祁照月痛苦的呻吟聲斷斷續續傳出,聽得人心驚肉跳。
若是皇太后不在這兒,喜姑怕是早已第一個撲上前去。
可此刻,她只能僵在原地,死死攥著拳,指甲深深嵌入掌心,一張臉煞白無血色。
太醫診脈之后,自袖中摸出一個小巧的鼻煙壺,遞給一旁宮女。
“放于殿下鼻下。”
那氣味一入鼻,祁照月劇烈的呻吟聲竟真的緩了下去。
皇太后懸著的心落下半分,急聲問:“如何了?”
太醫躬身拱手,語氣恭敬卻凝重。
“回太后,殿下乃是心神激蕩,險些動了胎氣。”
“眼下需得靜養,萬不可再有情緒起伏……”
他話鋒一轉,帶上了遲疑。
“只是……”
“只是什么!”皇太后剛剛松下的一口氣,瞬間又被提到了嗓子眼!
太醫心一橫,如實道:“殿下鳳體金貴,與常人不同,萬萬不可再動胎氣了。

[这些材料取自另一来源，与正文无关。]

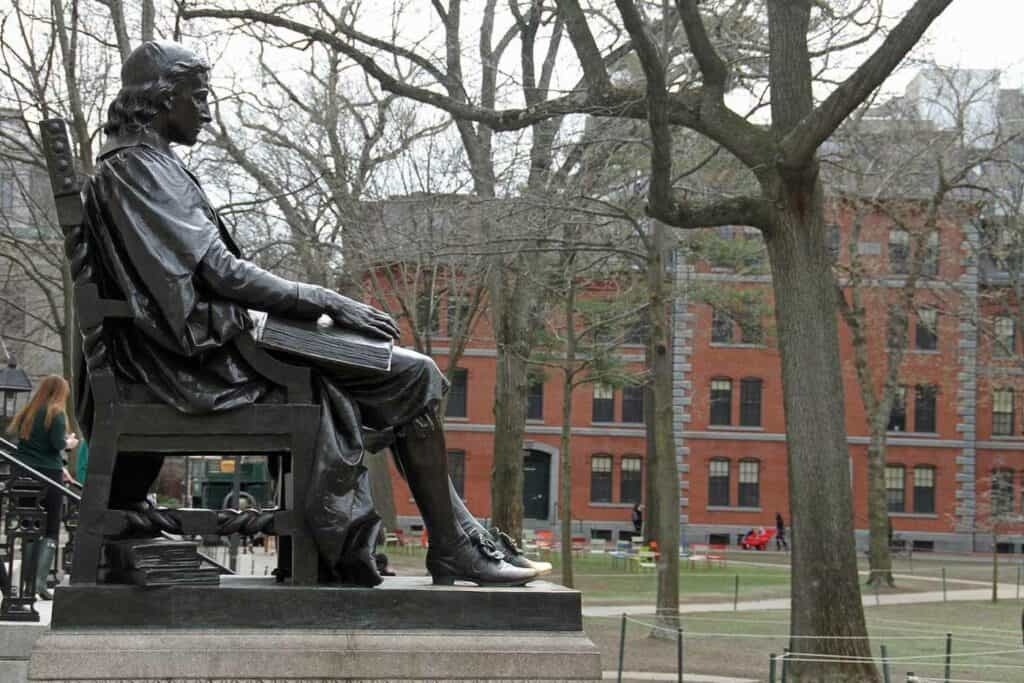 Harvard Boston szobor, fotó: pixabay.com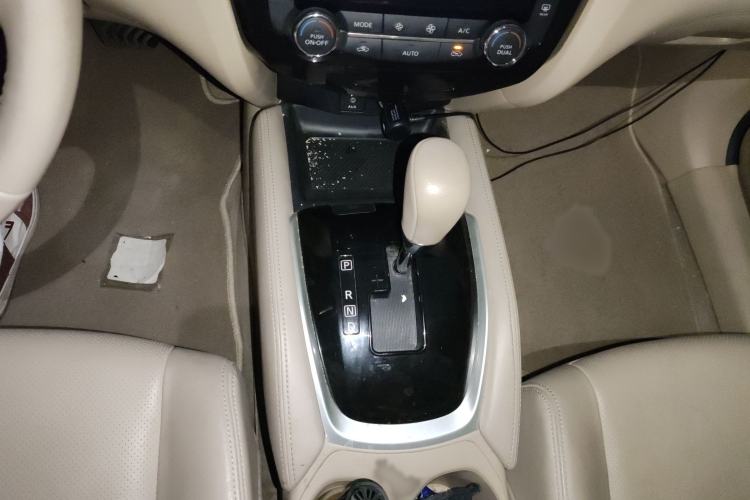 Used Nissan X-Trail 2015 2.0L CVT Comfort MAX Edition 2WD Gear Lever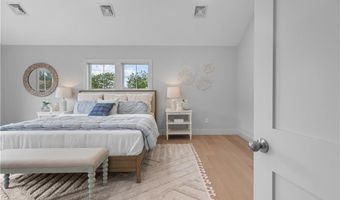 24 Perry Ave, Middletown, RI 02842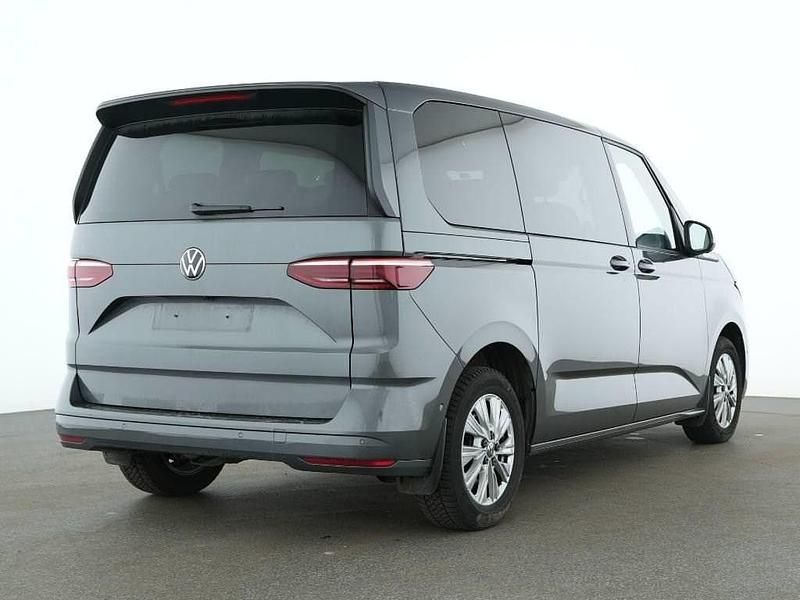Gebraucht VW Multivan Life 150 PS (110 kW) 2024 Graukeine angabe Van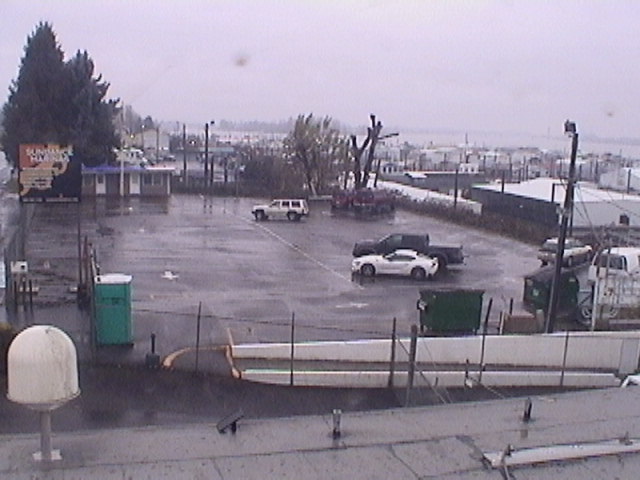 Thumbnail for current weather camera view from Rodgers Marine LLC in Portland, Oregon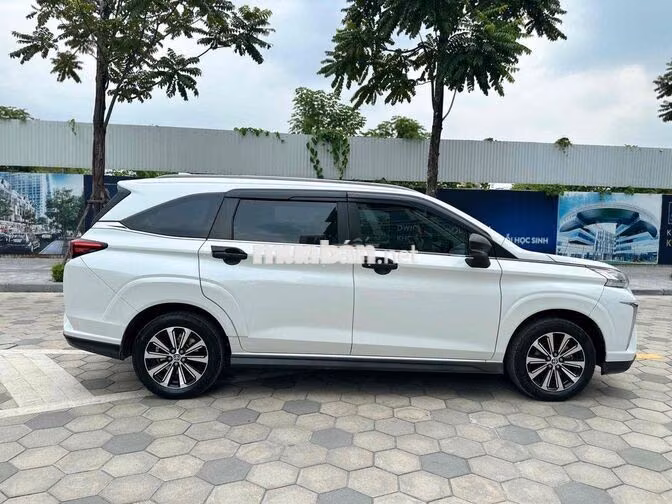 Toyota Veloz Tốp 2023 Trắng Tự động 5 vạn km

”
“微臣看過殿下的醫案,殿下偶有葵水不止。”
“此番若是動了胎氣,引發出血崩之兆,怕是比尋常女子要兇險百倍,神仙難救啊!”
一盆冰水,兜頭澆在皇太后心上,冷得她徹骨。
女兒家的這個毛病,她這個做母親的,怎會不知。
本想著,若有朝一日懷上孩子,定要千嬌萬寵地養著,絕不叫出半點岔子。
誰知……
誰知竟是這么個不堪的開場!
皇太后鳳眸一凜,轉向一旁的孫姑姑:“挑幾個機靈的留下伺候。”
“其余人,去外頭分說!”
“喜姑……”榻上,祁照月微弱的呢喃聲傳來。
“喜姑……陪我……”
皇太后身子一頓,長長嘆出一口氣,滿是無力。
她本來還想著,女兒此刻若是不適,正好將喜姑提出來嚴加審問。
這奴才跟在月兒身邊十幾年,幾乎是看著她長大,竟讓她鬧出婚前失貞這等彌天大丑!
按律,罪無可贖!
可偏偏,女兒依賴喜姑得緊。
皇太后閉了閉眼,心頭飛速盤算。
處置一個喜姑,易如反掌。
賀家這個不清不楚的子嗣,留或不留,也無傷皇家大雅。
可萬一,萬一因此傷了女兒的身子,那才是天大的不易!
此事,暫且放下!
皇太后怒意盡數傾瀉到那個跪地的人身上:“將賀明閣給哀家押下去!”
“嚴加看管!”
她一字一頓,殺氣畢現。
“未有哀家懿旨,不許他踏出屋里半步!”
“是!”玄甲禁衛沉聲應諾,如拎狗一般,將掙扎的賀明閣拖了出去。
偏房里,燭火搖曳。
皇太后屏退眾人,獨留了心腹孫姑姑。
她揉著發脹的眉心,一臉倦色。
“你說,月兒的話里有幾分可信?”
孫姑姑提起暖爐上的銀壺,添了一盞熱茶,恭敬奉上。
“奴婢不知。”
皇太后接過茶盞,指尖卻是一頓,眉心皺得更緊。
“若非情非得已,哀家實在想不出,誰能逼得月兒如此隱忍?”
孫姑姑垂首,靜默不語。
“說吧,恕你無罪。”皇太后呷了口茶,淡淡道。
孫姑姑這才躬身:“容奴婢放肆。”
“能讓公主殿下這般心甘情愿護著的,放眼整個京城,怕也只有那位沈大人了。”
皇太后眸光微動,沒出聲。
“可……”孫姑姑話鋒一轉。
“若此子當真是沈大人的,依殿下的性子,怕是早就鬧到您跟前,求您下旨賜婚了。”
“沈大人品性高潔,斷不會推諉,此事,從那位凌縣主身上便可見一斑。”
皇太后緩緩點頭:“你繼續說。”
孫姑姑卻福了福身子,退了半步。
“奴婢眼光短淺,能看到的,便只有這些。”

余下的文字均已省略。